Reproduce, exactly, the lines of the material below from the line containing "uma pintura de" through the line containing "Men's Kansas City", with both end lines included and nothing else.
▬▬▬▬▬▬
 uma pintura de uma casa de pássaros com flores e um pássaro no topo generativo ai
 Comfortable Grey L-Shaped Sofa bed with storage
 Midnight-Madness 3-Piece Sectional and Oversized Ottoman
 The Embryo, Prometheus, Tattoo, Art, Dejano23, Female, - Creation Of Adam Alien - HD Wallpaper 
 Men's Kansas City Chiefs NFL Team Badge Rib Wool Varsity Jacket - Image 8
▬▬▬▬▬▬
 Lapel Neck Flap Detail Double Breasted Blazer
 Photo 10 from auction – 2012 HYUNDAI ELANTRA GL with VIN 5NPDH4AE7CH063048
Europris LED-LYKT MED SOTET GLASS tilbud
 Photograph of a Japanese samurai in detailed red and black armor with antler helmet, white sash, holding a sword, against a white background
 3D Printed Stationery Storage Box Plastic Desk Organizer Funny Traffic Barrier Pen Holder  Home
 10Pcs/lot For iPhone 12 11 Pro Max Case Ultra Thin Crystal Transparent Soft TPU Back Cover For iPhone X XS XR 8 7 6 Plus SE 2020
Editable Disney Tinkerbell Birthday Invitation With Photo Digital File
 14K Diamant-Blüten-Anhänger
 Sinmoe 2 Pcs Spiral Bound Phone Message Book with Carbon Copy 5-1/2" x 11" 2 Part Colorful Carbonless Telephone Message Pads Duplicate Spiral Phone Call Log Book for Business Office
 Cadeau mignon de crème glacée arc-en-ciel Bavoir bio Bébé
▬▬▬▬▬▬
Solution for this exercise.
 uma pintura de uma casa de pássaros com flores e um pássaro no topo generativo ai
 Comfortable Grey L-Shaped Sofa bed with storage
 Midnight-Madness 3-Piece Sectional and Oversized Ottoman
 The Embryo, Prometheus, Tattoo, Art, Dejano23, Female, - Creation Of Adam Alien - HD Wallpaper 
 Men's Kansas City Chiefs NFL Team Badge Rib Wool Varsity Jacket - Image 8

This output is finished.